When considering the effects on my health, do I feel like a completely new person? No. Do I feel like eating as a vegan has improved my soul? No. However I do feel healthier. As well as losing 10lb, I feel healthier within myself and think eating vegan has had a large part to play.
I was expecting the month to be really difficult, but in all honesty, it hasn’t been
I was expecting the month to be really difficult, but in all honesty, it hasn’t been. Preparation and research have been vital, looking up menus before choosing where to eat, batch cooking meals at home- all things which make being vegan rather, dare I say it, easy. I have enjoyed looking up recipes and being more experimental with cooking, and baking.
As a self-confessed ‘stress-baker’, my house mates know I am having a hard week when there are 4 lemon drizzle loafs on the table. I needed to find alternatives for home-baking, and there is an abundance of brilliant recipes online for some delicious vegan treats. BBC Goodfoods is a great place to start if you’re interested.
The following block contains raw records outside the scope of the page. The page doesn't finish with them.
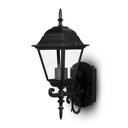 [VQ22675191] APLIQUE PARA JARDÍN IP44 E27 NEGRO MATE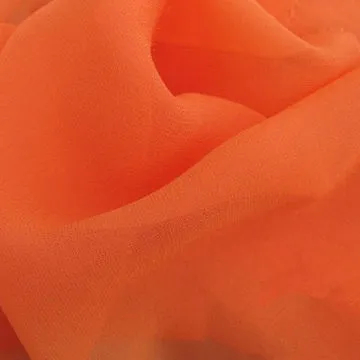 High Twist Chiffon Fabric, Made of 100% Polyester, Nice Durability, Shape-Maintaining, Breathable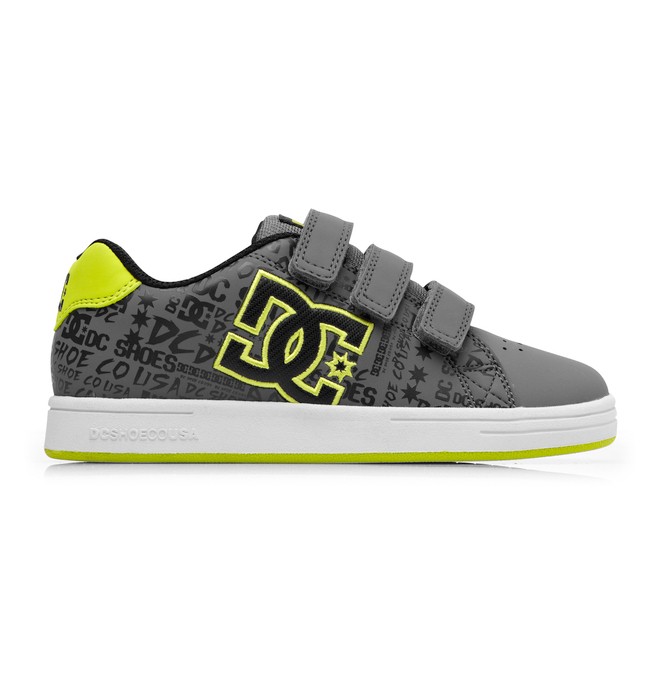 dcshoes, Character V - Low Top Skaterschuhe, GREY/YELLOW (gy1) 0 Character V - Low Top Skaterschuhe 320330A DC Shoes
Something I have realised however is that I am incredibly lucky. As someone choosing to be vegan rather than having to be for health reasons, I am granted a lot more freedom in what I am able to have. The amount of products which ‘may contain’ or may have ‘had contact’ with milk and egg has been rather eye opening, and I have enormous admiration and sympathy for anyone with a severe allergy – it must be so frustrating to find something which is supposedly vegan, only to find it may have had contact with something dairy.
If you’re eating vegan without an allergy, then it can be pretty easy, as long as you’re willing put in some legwork
Therefore, I’d say if you’re eating vegan without an allergy, then it can be pretty easy, as long as you’re willing put in some legwork. However, if you have to eat vegan for medical reasons, it must be a bit of a nightmare, and you have my upmost sympathy.
I must confess to two ‘slip-ups’. Both of them occurred at Nottingham’s Winter Wonderland. It was like a shining beacon in the distance; “Baileys Hot Chocolate”. I tried to resist; I really did. But in the end, I caved. Twice. On separate occasions. But apart from that, I have successfully eaten vegan for 30 days.
My family and friends have been asking me whether I’ll stay vegan after having a taste of the plant-based life. My answer is, that as of today I am an ‘opportunistic vegan’. Yes I know this sounds a bit of a cop-out, but surely any cutting down of meat and dairy consumption is good.
I don’t think I am ready to declare myself a full-time vegan just yet, but will continue to eat and drink plant-based as much as I can. Basically, if the opportunity arises to eat vegan, then I will take it (hence the term ‘opportunistic vegan’- clever right?).
Knowing that I am fuelling my body with good food, as well as contributing to helping to save the planet (read this) has been very satisfying, and I would urge everyone to try it, you might just surprise yourself and enjoy the endeavour.